(By Random Roger) A long time reader left the following;
Dr. Hussman has been convinced that we are going down 50% yesterday. i expect his next post to be written in a bomb shelter. The man is really bright, and a deep thinker. What do you see that he is missing , or vis versa?
John Hussman has influenced my approach in a couple of ways as I have spelled out many times before. He thinks in terms of the entire stock market cycle and weighs the current environment for risk factors and positives to draw a conclusion that determines how he constructs the portfolios he manages. In terms of walking the walk on taking bits of process from various sources to create your own process, the above is what I take from Hussman.
My recollection is that more often than not over the course of many years he has weighed the positives and negatives and drawn a negative conclusions (this blog popped up on his radar once so Dr. Hussman feel free to correct me if I have this wrong).
Where I differ with Dr. Hussman is that don't rely as much as should happen
as I believe he does. Based on the fundamentals I would say there is no way the market should have gone up anywhere near the amount that it has in the last 40 months but it has, the SPX has more than doubled. I have said many times before that market history is full of examples of the market doing what it shouldn't.
I believe my use of the 200 DMA (which comes from Jim Stack) addresses this.
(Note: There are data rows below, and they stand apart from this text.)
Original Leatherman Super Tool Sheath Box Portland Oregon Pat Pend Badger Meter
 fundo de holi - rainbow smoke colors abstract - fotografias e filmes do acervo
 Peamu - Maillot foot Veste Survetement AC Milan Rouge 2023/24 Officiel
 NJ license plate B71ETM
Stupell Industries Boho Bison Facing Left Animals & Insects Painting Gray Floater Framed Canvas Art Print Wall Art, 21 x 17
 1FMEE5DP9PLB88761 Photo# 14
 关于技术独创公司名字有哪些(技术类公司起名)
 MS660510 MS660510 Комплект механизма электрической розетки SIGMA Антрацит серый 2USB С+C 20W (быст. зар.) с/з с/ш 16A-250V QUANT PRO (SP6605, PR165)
If a 50% decline is coming to an S&P 500 near you then it will get there by way of 1316 which is where the 200 DMA is currently. While it is vitally important to be disciplined to whatever strategy you use it is also important to assess current events when you do take defensive action (assessing current events obviously needs to be done constantly). In late 2007/early 2008 the yield curve was inverted, the 2% rule (which comes from Ken Fisher) was kicking in and the 200 DMA line was sloping downward all in addition to the breach.
Those are all market indicators and of course fundamental indicators were not looking good either. To me this was reason to not give the benefit of the doubt to the market and to move a little more aggressively toward defense. The last couple of summers there were fewer negatives in place when the 200 DMA breaches occurred. This meant staying disciplined first and foremost but allowed for being less aggressive with defensive action.
If a strategy relies too much on what should be
based on the fundamentals then you might convince yourself to never have any net long exposure. But as mentioned above the fundamentals stink for lack of natural demand created by many desperate policies enacted by the Fed and Treasury and yet the market is up a lot in the last three years (repeated for emphasis).
As for the market possibly dropping 50% for a third time since the tech bubble, this has a low probability in my opinion. 50% declines in developed markets don't happen that often. That it happened twice is truly stunning but it happened so it can happen a third time, I just think the probability is low. I also believe that the market will give multiple warnings that the chances of a 50% decline have increased as was the case in the tech wreck and then the financial crisis. In that light I believe you can wait until the market does warn of a large decline in the manner I describe above.